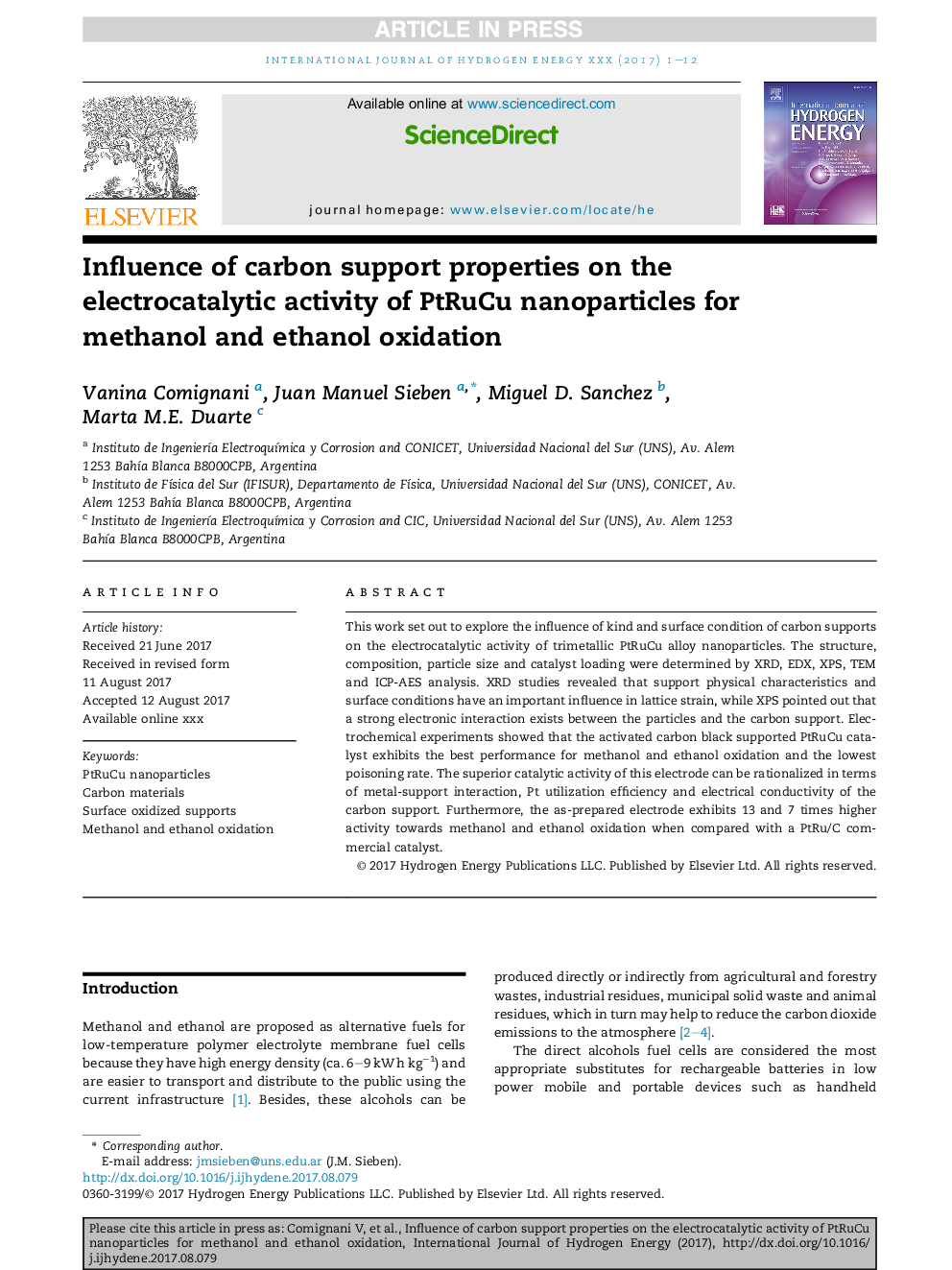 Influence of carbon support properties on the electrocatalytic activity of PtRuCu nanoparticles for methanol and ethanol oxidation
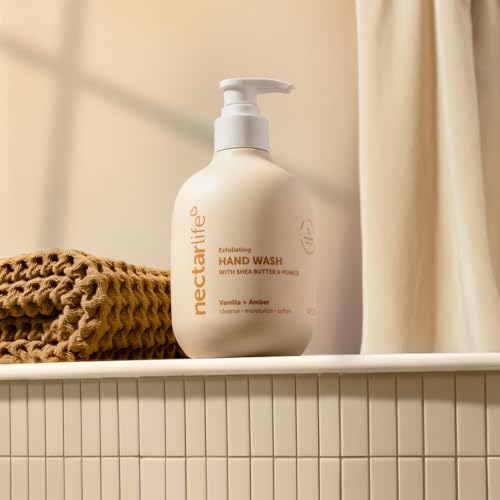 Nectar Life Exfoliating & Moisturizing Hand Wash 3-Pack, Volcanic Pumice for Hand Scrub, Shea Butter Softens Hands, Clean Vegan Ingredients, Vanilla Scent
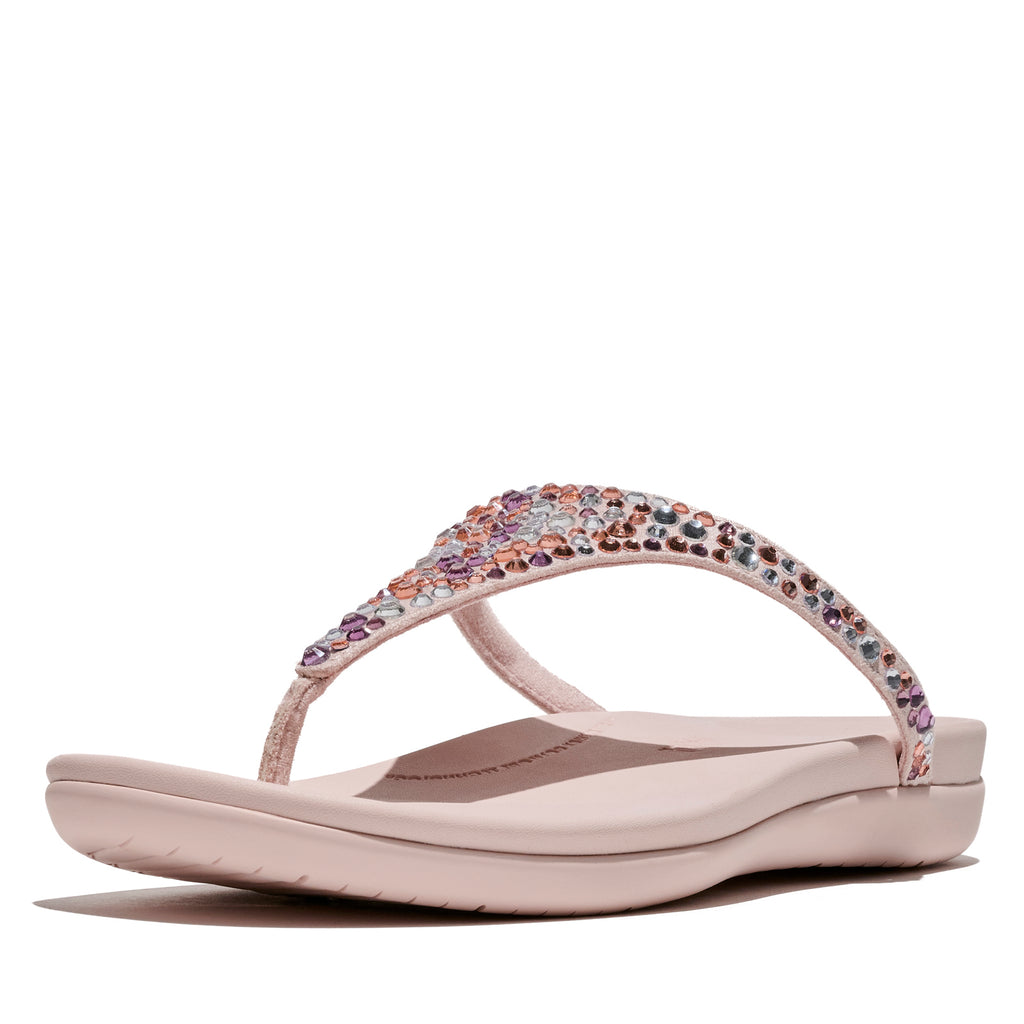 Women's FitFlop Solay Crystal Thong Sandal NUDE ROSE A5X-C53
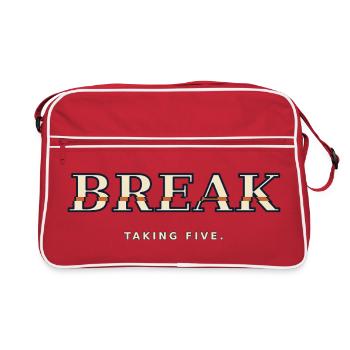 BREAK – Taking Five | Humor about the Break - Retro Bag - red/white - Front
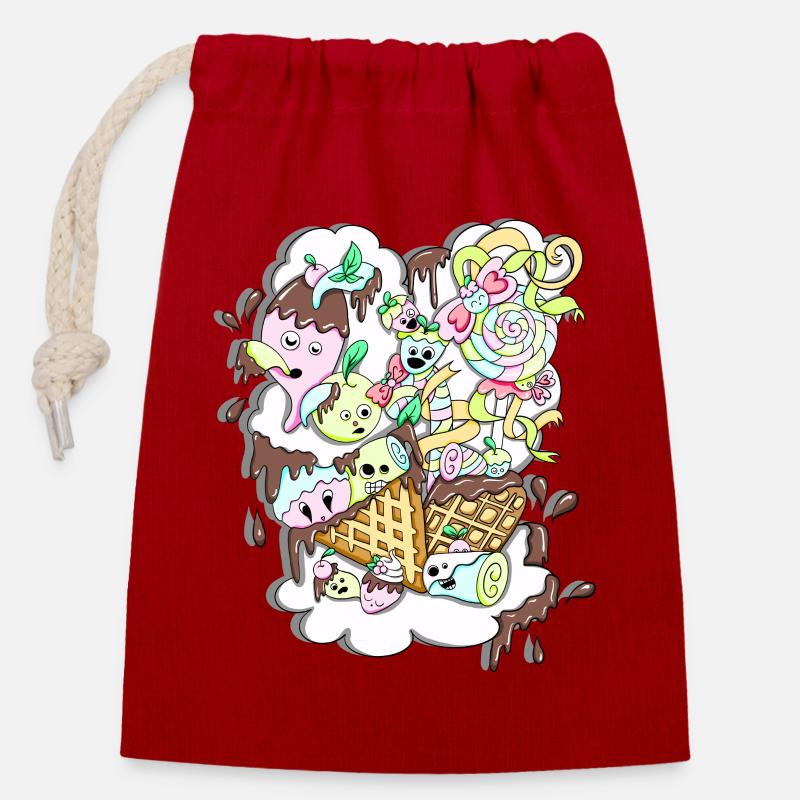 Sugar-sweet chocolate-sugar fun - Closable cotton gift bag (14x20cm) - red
════
■ **Task instructions**:
Skip the pictures and copy exactly the lines from the one containing "BREAK – Taking" through the end of the material, both ends included.

■ **Result of the exercise**:
 BREAK – Taking Five | Humor about the Break - Retro Bag - red/white - Front
 Sugar-sweet chocolate-sugar fun - Closable cotton gift bag (14x20cm) - red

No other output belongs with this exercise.